A second neat event I’ve had the opportunity to be a part of was addressing thank-you cards for abortion providers. This was my first NARAL event I’ve planned as a campus organizer, and I had a blast! I recruited members of my aforementioned feminist journal, the Siren, as well as members of other social justice groups on campus. When it was all said and done, we filled out enough cards to stuff an envelope and share our gratitude with the individuals working so hard to help Americans exercise reproductive choice.
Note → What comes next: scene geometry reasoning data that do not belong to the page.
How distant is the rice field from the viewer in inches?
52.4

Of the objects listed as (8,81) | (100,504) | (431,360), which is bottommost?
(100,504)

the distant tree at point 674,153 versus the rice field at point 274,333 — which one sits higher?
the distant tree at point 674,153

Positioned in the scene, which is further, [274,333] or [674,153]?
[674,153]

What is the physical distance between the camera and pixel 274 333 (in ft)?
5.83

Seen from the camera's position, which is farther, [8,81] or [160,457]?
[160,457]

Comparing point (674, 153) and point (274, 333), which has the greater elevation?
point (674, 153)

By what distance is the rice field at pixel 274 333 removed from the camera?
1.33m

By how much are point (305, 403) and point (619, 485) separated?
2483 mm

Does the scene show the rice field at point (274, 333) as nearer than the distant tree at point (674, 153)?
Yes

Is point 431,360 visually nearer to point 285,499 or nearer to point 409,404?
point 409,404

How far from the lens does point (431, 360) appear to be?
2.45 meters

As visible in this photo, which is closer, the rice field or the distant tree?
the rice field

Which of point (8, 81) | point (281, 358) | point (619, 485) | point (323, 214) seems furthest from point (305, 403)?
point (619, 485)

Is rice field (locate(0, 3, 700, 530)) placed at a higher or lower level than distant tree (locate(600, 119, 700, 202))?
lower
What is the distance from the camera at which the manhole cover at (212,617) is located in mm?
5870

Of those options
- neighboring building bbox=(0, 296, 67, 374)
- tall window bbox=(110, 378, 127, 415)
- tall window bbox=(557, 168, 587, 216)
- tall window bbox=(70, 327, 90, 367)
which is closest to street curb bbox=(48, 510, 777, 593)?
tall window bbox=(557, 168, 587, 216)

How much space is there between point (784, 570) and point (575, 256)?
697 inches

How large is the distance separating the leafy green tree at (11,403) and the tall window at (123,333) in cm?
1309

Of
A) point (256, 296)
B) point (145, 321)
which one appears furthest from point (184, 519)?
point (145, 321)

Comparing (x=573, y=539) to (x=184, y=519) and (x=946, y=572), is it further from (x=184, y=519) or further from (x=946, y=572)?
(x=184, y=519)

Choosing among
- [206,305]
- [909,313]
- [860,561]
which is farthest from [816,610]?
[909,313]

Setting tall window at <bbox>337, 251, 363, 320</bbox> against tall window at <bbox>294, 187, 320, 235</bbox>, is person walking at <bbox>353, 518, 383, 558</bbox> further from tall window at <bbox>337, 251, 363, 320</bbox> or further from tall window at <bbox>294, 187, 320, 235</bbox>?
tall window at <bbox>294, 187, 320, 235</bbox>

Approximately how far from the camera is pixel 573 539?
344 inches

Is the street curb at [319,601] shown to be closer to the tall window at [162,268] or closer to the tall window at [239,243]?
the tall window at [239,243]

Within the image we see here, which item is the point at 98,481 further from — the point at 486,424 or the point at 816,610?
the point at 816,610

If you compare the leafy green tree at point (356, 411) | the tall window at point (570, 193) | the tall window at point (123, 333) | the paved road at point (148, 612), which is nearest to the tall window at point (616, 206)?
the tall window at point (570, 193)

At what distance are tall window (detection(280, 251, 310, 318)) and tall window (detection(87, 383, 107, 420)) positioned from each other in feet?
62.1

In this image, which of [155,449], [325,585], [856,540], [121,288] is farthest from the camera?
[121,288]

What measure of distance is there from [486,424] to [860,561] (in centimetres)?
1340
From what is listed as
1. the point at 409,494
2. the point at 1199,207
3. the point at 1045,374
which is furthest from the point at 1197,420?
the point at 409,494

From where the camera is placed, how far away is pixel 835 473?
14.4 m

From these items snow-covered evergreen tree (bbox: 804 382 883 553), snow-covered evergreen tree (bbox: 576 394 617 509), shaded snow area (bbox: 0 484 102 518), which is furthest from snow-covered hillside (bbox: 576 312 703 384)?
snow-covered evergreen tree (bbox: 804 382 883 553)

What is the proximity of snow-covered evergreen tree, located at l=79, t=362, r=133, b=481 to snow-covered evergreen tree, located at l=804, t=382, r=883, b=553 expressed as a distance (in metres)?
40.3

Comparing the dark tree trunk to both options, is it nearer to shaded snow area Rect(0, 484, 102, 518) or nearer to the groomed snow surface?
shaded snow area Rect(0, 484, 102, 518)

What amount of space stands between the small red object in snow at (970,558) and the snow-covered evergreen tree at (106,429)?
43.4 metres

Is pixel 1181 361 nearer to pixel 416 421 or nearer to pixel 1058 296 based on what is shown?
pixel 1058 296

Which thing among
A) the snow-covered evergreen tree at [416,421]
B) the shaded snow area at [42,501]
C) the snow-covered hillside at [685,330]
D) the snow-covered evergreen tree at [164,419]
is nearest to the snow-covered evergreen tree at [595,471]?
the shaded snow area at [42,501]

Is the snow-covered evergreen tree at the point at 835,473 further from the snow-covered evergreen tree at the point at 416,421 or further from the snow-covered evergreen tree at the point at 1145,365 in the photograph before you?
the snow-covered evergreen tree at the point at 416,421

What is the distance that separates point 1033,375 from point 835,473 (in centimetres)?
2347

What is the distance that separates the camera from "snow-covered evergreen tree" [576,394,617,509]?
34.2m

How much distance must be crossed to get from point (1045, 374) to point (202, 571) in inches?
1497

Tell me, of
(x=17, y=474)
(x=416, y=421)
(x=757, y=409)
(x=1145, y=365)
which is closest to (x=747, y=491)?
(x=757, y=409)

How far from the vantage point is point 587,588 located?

I also wanted to give a shout out to my amazing supervisor, Sarah—who traveled to DC with NARAL to rally at the Supreme Court for the first day of oral arguments in Whole Woman’s Health v. Hellerstedt, an incredibly important case that will determine the application of Roe v. Wade for Americans in the coming months, years, and decades. This case seeks to establish the standard for “undue burden” placed on reproductive health clinics by conservative state legislators. It is an amazing feeling to be connected to an organization so visibly committed to rallying behind choice. Side note—I did my best to get to the Supreme Court myself, but unfortunately, seasonal allergies knocked me off my feet for a bit!

For the month of March, I have several exciting events planned for my peers at UNC-Chapel Hill, including a screening of the important new documentary Trapped, and a collaborative event with Students United for Reproductive Justice.